WICKER PARK — A 116-year-old brick church with stone accents will be demolished soon and replaced by six luxury condos, according to the developers who bought the former Original New Morning Star Missionary Baptist Church earlier this month.
“We are very excited at the opportunity and to begin construction on West Crystal. As a Wicker Park resident myself, we were captivated by this location,” developer Peter Childs said. “Everything an urban dweller could desire is an arm’s length away; walking distance to the trendy nightlife, shopping, and ever so popular and growing restaurant scene.”
Peter Childs and his father Jamie Childs, owners of Childs Development, bought the church building at 2122 W. Crystal St. in Wicker Park for $1,751,123 on August 8, county records show.
On Monday, the city issued a permit to wreck and remove the existing brick church. Childs Development specializes in high-end new construction multi and single-family homes.
Childs said they hope to start the church demolition within the next 10 days and aim to finish the condos by mid-summer 2019, if everything goes as planned.
Since the lot is 14 feet wider than most 50-foot-wide standard lots, all of the condos will be oversized luxury condos with “the extra width allowing for more expansive, flowing floor plans,” Childs said.

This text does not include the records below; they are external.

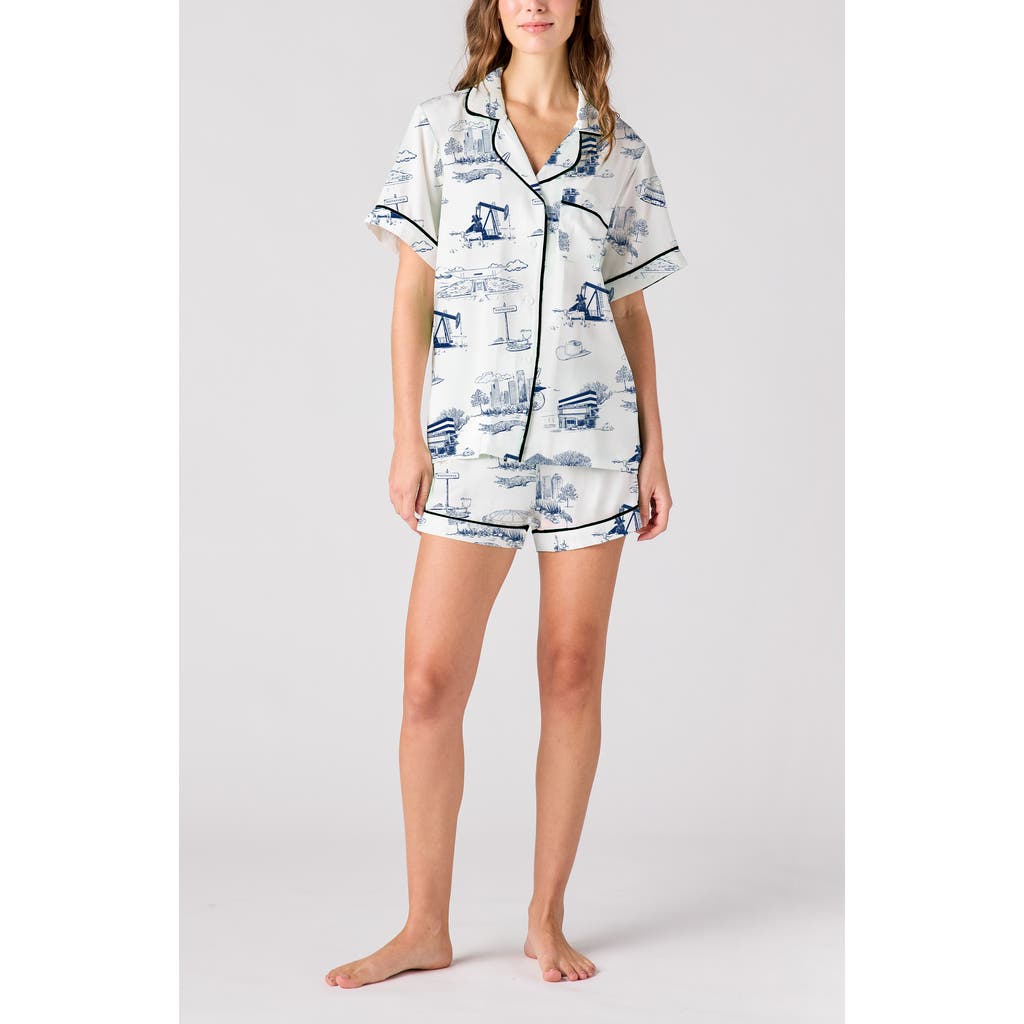 Katie Kime New Orleans Toile Pajama Short Set In Navy In White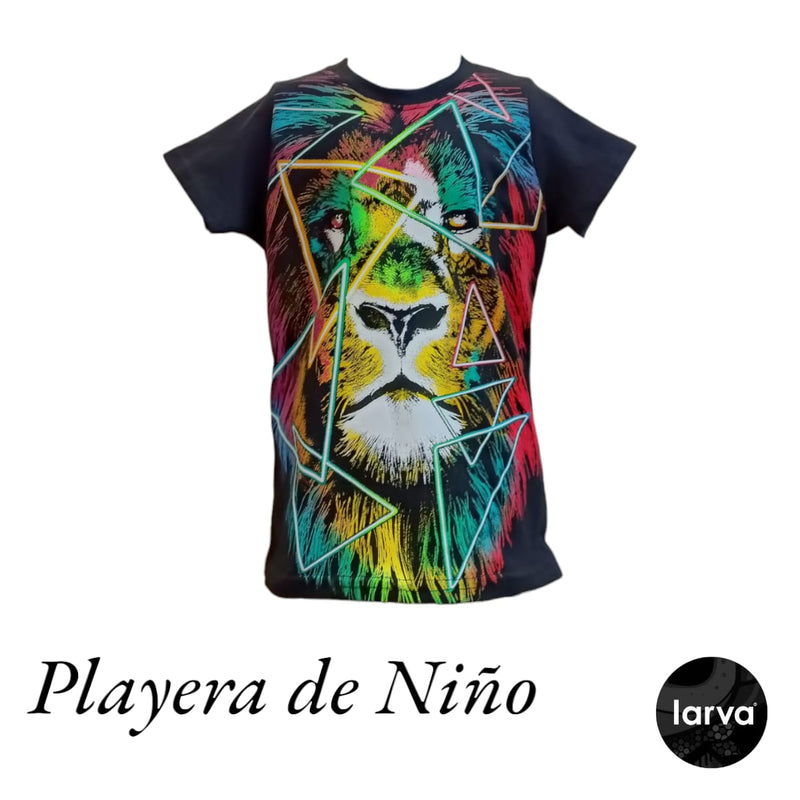 Playera para Niño León Neón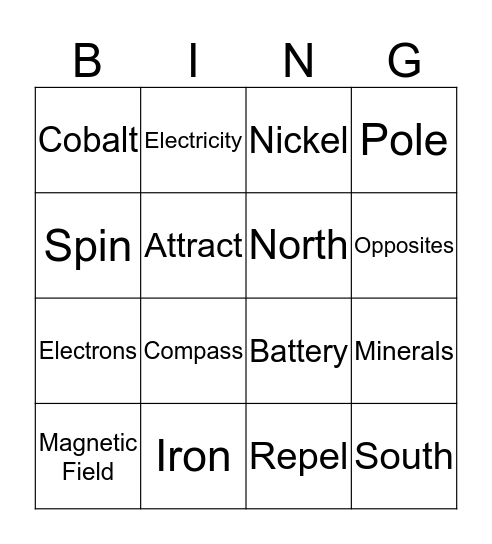 Magnetism Bingo Card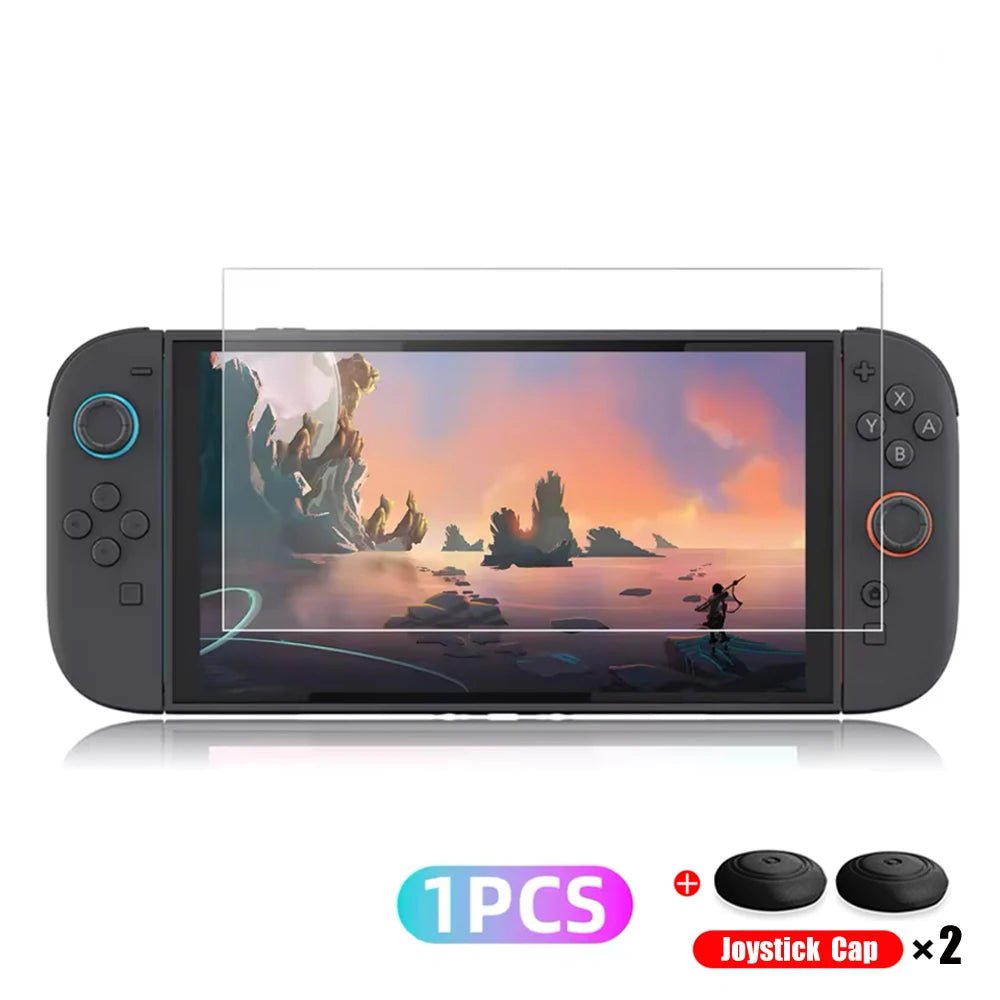 Nintendo Switch 2 Tempered Glass Screen Protector with Joystick Cap - Onlytenbucks.com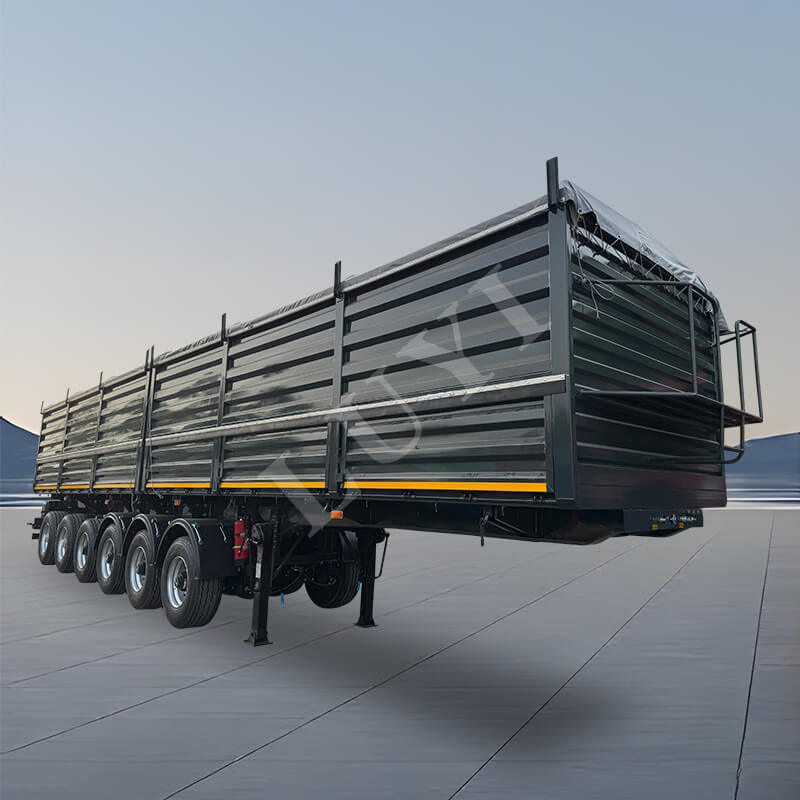 6-Achsen-100-Tonnen-Lastkapazität, maßgeschneiderter Seitenwand-Sattelauflieger 6-Achsen-100-Tonnen-Lastkapazität, maßgeschneiderter Seitenwand-Sattelauflieger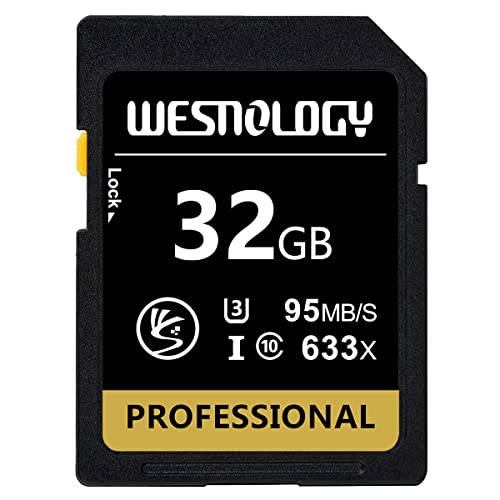 32GB 메모리 카드, WESNOLOGY 프로페셔널 633 x Class 10 카드 U3 메모리 카드 호환가능한 컴퓨터 카메라 and 캠코더, 카메라 카드 메모리 카드 Up to 95MB/ S, Yellow/ 블랙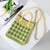 Women's Medium Cotton Plaid Waves Heart Shape Cute Basic Square Open Square Bag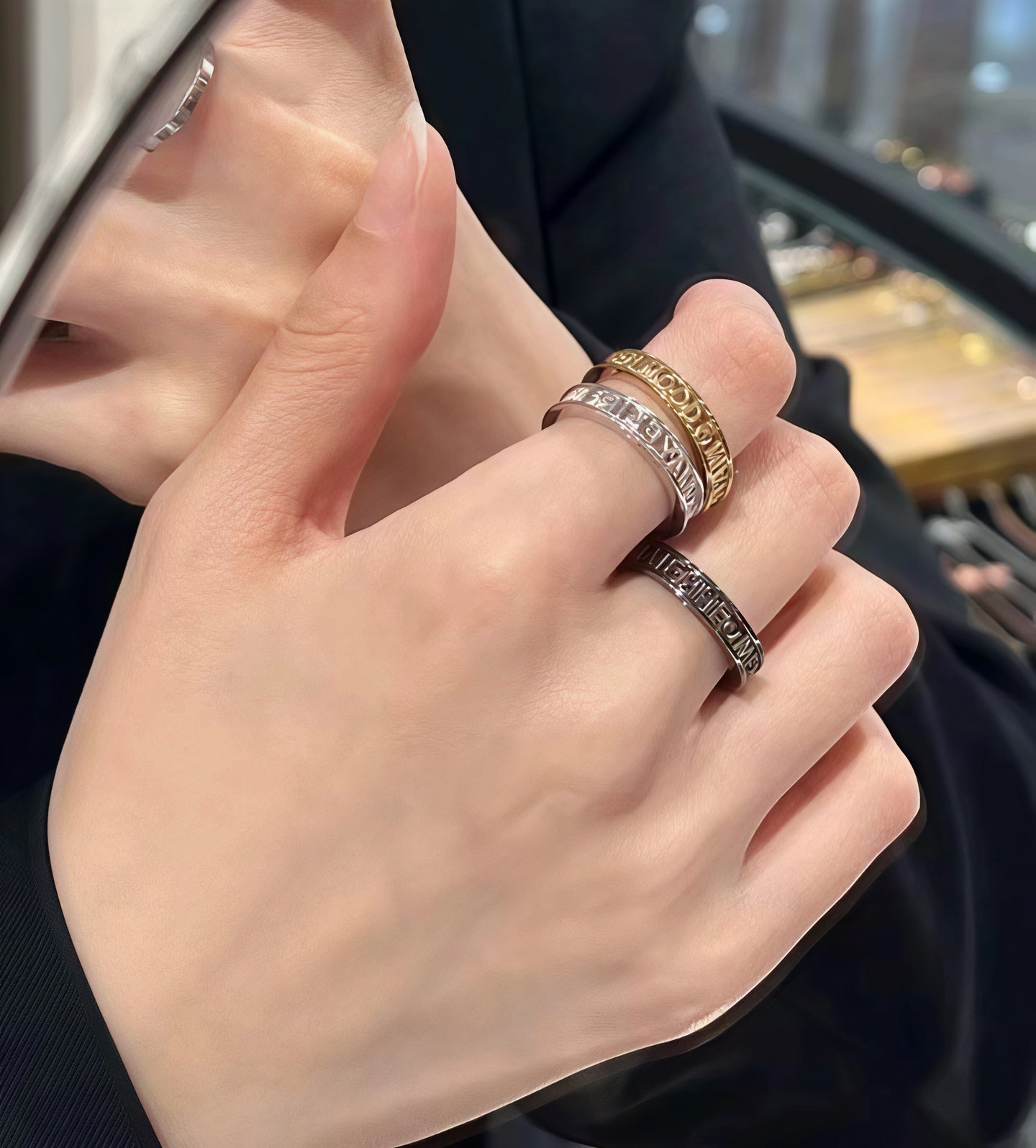 Openwork Letter Ring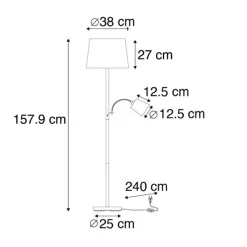 QAZQA Schlafzimmerlampen|Küchenlampen*Smarte Stehleuchte aus Stahl mit grauem Schirm inkl. WiFi A60 und E14 - Retro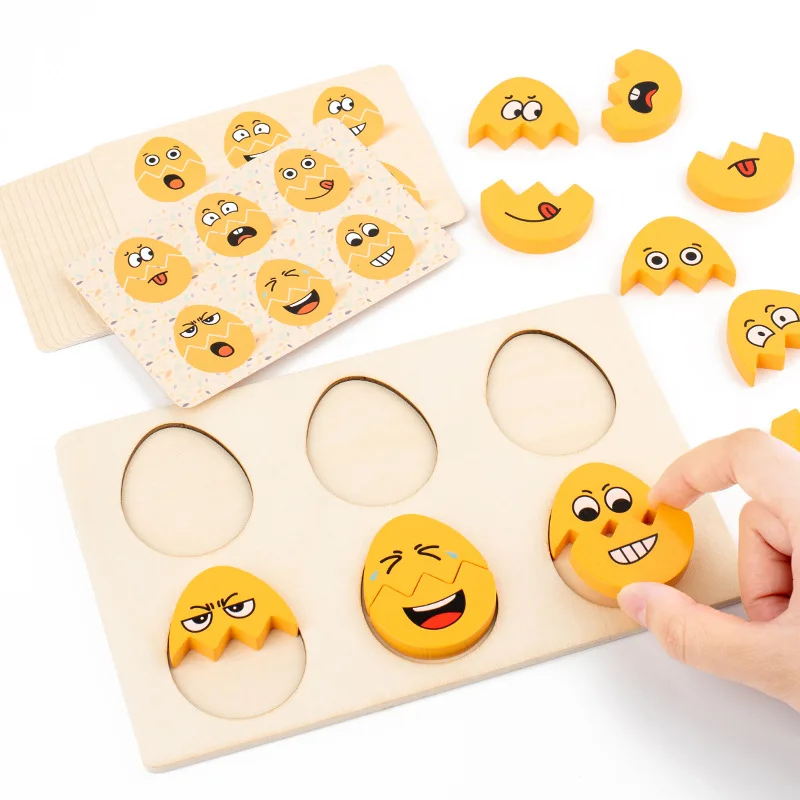 KS Montessori Early Learning Educational Wooden Yellow Facial Expression Matching Eggs 3D puzzle Board game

The plan calls for four three-bedroom, two-bathroom condos, and two three-bedroom, two-and-a-half-bathroom units. The duplex units will ask $969,000 and offer a private garage and a rooftop terrace. Prices will be $689,000 and $769,000 for the middle floor and penthouse units, respectively, with the penthouse units offering private rooftop terraces and skyline views.
All of the condos will feature luxury finishes and appliance packages and custom imported Italian cabinetry, Childs said.
Home to the Original New Morning Star M. B. Church since the 1970s, the 2-story brick building was constructed in 1902 and was originally a Jewish synagogue, according to “Wicker Park, from 1673 Thru 1929 and Walking Tour Guide” by Elaine Coorens, a local historian and journalist.
Located just outside of the Wicker Park Landmark District, the building is not protected from being torn down.
Peter Strazzabosco, deputy commissioner for the Department of Planning and Development, said the church was rated “green” in the 1995 Chicago Historic Resources Survey, which is a basic starting point for assessing a building’s historic or architectural value.
The survey uses a color-coded ranking system to identify historic and architectural significance relative to age, degree of external physical integrity, and level of possible significance. The city’s Demolition-Delay ordinance would allow the Department of Planning and Development to explore options for certain historic buildings and place a hold on demolitions.
Strazzabosco said that the building was rated green in the survey “primarily due to alterations to the exterior.”
Green-rated buildings are not subject to the demolition delay ordinance, meaning there would be no delay placed on any demolition permit.
The church’s facade features Hebrew lettering carved in stone above one of its doors. Next door, the former Congregation Beth El at 2126 W. Crystal St. was preserved and converted into condos.
Realtor Genine Ben, who sold the church on behalf of its owners, said that at one time, both the church and the neighboring building were owned by the same Jewish congregation, and that the synagogue was sold to the church many years ago.
Ben said her clients “wanted to move on” and have relocated their church to the West Side.
The church initially asked $1.1 million for the building when it went up for sale in late March. It was put under contract in less than a week, eventually closing on Aug. 8, Ben said. The congregation, who were delaying the closing, recently moved out, she said.
Ben said she supports the impending demolition by the Childs.
“I think it’s common in Chicago. I go back to where I grew up on the South Side, and there used to be churches there too that are totally demolished. Of course there are landmarks in neighborhoods. This was not one of those,” Ben said.
Another church directly across the street at 2127 W. Crystal St. is rated “orange” in the Chicago Historic Resources Survey— meaning there would be a 90-day hold on any demolition permits. There are no plans to demolish the Gothic Revival church, which dates to the 1890s and was designed by architects Henry Worthmann & John Steinbach. Worthmann & Steinbach designed several other Chicago churches including the Landmarked St. John’s Lutheran Church in Ukrainian Village.